Numa altura em que ainda se discutia o OE2018 — nomeadamente o agravamento da derrama estadual para o terceiro escalão –, Marcelo fez um dos discursos onde foi mais longe sobre a relação entre o Governo e as empresas. O Presidente da República disse que tem ouvido de empresários e gestores “perplexidades e desmotivações” com “sinais adversos ao investimento empresarial”, que, no seu entender, “tem sido o preço” da estabilidade da atual solução governativa, citava a Lusa.

Marcelo admitiu que se tem “olhado menos para estímulos empresariais” e que a estabilidade fiscal “tem sido menos marcada”, mas comprometeu-se a tudo fazer “para que o processo político ajude decisivamente à competitividade, ao crescimento e, portanto, ao sucesso económico”.

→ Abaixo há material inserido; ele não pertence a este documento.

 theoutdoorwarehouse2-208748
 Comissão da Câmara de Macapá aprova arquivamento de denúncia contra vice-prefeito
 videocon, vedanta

OE2018: Nota positiva ao Governo, mas cuidado com “eletoralismos” e a dívida pública

Depois de um período de reflexão mais longe, Marcelo voltou a optar pela tática 4×4 na promulgação do OE2018: quatro motivos e quatro alertas. Já com números a apontarem para um dos maiores crescimento económicos das últimas duas décadas, o Presidente da República não deixou de apontar que Portugal ainda está aquém dos parceiros europeus e que 2018 vai ser um ano de desaceleração. Marcelo vincou a necessidade de não se ceder a “eleitoralismos”, pedindo “sensatez orçamental” que garanta “duradouramente” crescimento e emprego.

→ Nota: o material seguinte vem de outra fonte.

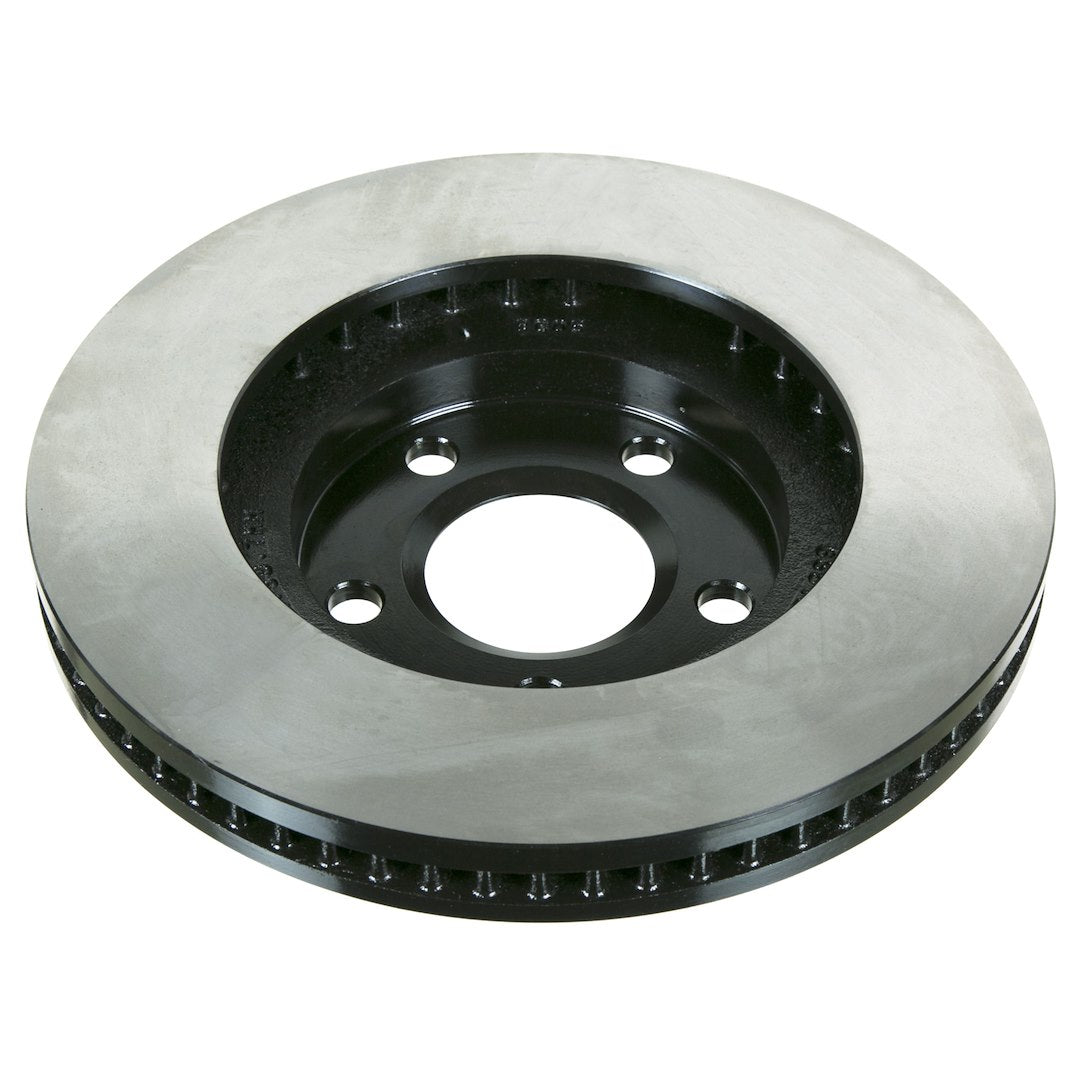 Wagner Brakes Bd125618e Brake Rotor||bd125618e_1.Jpg||86||w66bd125618e||2220443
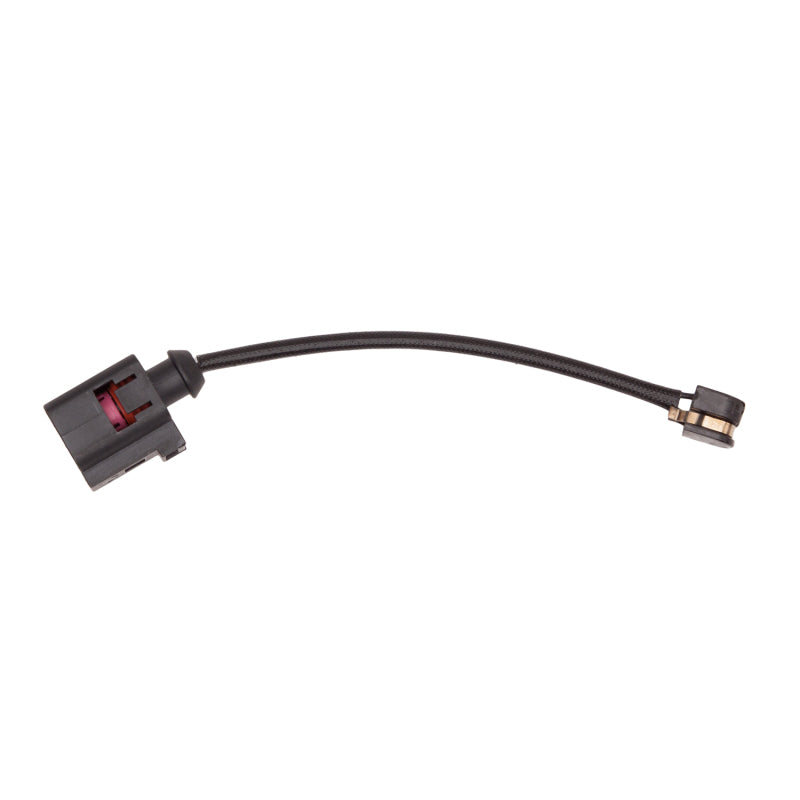 R1 2010-2023 Porsche Cayenne Rear Sensor Wire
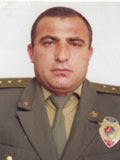Vardanyan Mushegh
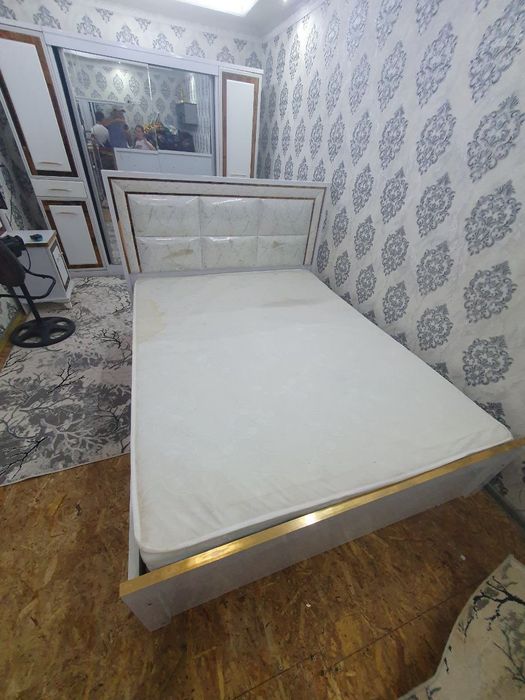 Spalni, shkaf, tuyurma,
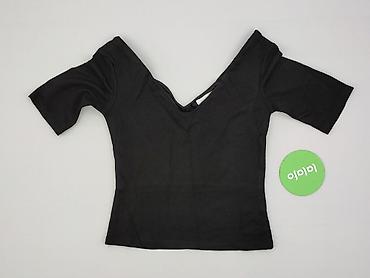 projekt h: H&M, Bluzka damska, rozmiar S — 2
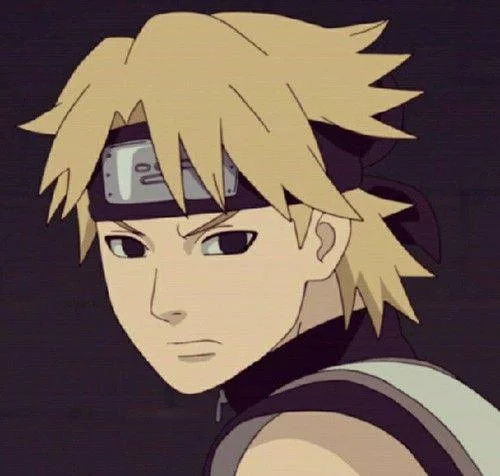 Free Download Naruto Hidden Cloud Wallpaper Page 587880 (500 x 476)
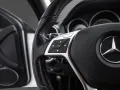 Mercedes-Benz C 250 Sport-Paket AMG Plus Harman-Kardon
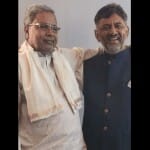 Karnataka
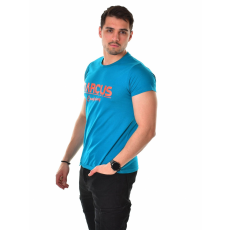 MARCUS férfi póló MARCOO m22-1MARCOO-1/T002-M029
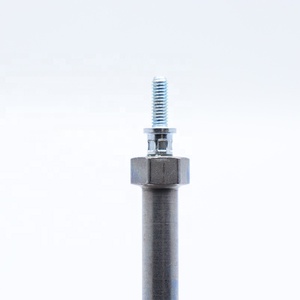 <span class=keywords><strong>Préchauffage</strong></span> Pour Pick-Up Ford Van Excursion 6.0L 9G 12639701 Bougie De <span class=keywords><strong>Préchauffage</strong></span> 6.6L V8 Moteur Diesel turbocompressé - Product Image 5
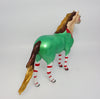 Elf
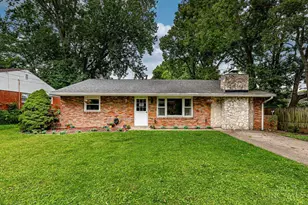 390 Timrick, Monroe, OH 45050 - Photo 1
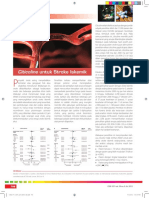 32 - 197berita Terkini-Citicoline Untuk Stroke Iskemik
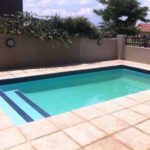 Bakgat Pools Gauteng / Mpumalanga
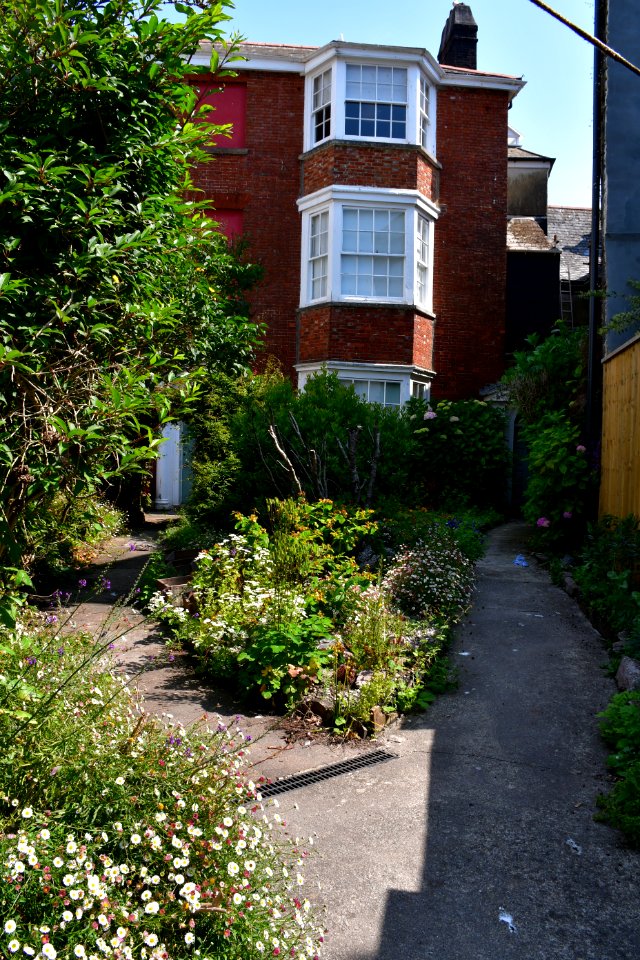 Dartmouth (2021-07-01) 52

Os argumentos a favor resumiam-se na evolução positiva em várias frentes nos dois anos de Governo: este OE “insere-se numa linha correta de redução do défice orçamental e, por conseguinte, da dívida pública, linha essa a que – embora com ajuda do ambiente externo – tem correspondido crescimento, emprego, reposição de rendimentos e crescente credibilização na União Europeia e nas mais diversas instâncias financeiras internacionais”. Contudo, Marcelo destacou que o limite do endividamento público “não pode ser ultrapassado pela execução orçamental”, um alerta que visava fazer da redução da dívida pública a prioridade.

Ano Novo 2018: a marca dos incêndios num “estranho e contraditório ano”

Íamos vivendo, como se de um sonho impossível se tratasse, finanças públicas a estabilizar, banca a consolidar, economia e emprego a crescer, juros e depois dívida pública a reduzir, Europa a declarar o fim do défice excessivo e a confiar ao nosso Ministro das Finanças liderança no Eurogrupo, mercados a atestarem os nossos merecimentos”, começava por descrever o Presidente da República. Foram várias as notícias positivas que se concretizaram em 2017: “Se o ano de 2017 tivesse terminado a 16 de junho, poderíamos falar de uma experiência singular só de vitórias”, concluiu.

Mas tal não aconteça perante um dos piores anos de incêndios de sempre. Mas apesar de ter dito que este foi um “estranho e contraditório ano“, Marcelo Rebelo de Sousa optou por fazer um discurso focado no futuro: a prioridade passou a ser a “reinvenção da confiança dos portugueses na sua segurança”, colocando em segundo plano a “estabilidade governativa, finanças sãs, crescente emprego, rendimentos”.

Os reparos a Centeno e a necessidade de rapidez nas mudanças económicas

Perante uma plateia de bancários, Marcelo Rebelo de Sousa fez um discurso com remetente no Ministério das Finanças. Admitindo que a gestão “económico-financeira” do Governo “inverteu expectativas negativas e potenciou expectativas positivas“, o Presidente da República apontou o dedo a Mário Centeno nas “meticulosas cativações, sacrifício do investimento público, injeção no consumo privado e contenção de algumas despesas na Administração Pública”.

Marcelo elogiou o legado do anterior Governo e assumiu que as dúvidas sobre a atual solução dissiparam-se, mas alertou que o futuro traz mais desafios. O Presidente disse que será necessário “manter o rumo financeiro, continuar a reciclar a dívida pública, reduzindo-a, tirar proveito da capacidade acrescida de investimento público e permitir a concretização de investimento privado”, referindo-se a incentivos à iniciativa privada. Acima de tudo, quer rapidez. Numa conferência da Plataforma para o Crescimento Sustentável, Marcelo dizia que “muito do que se apresenta perde o seu vigor se não passa à prática rapidamente”.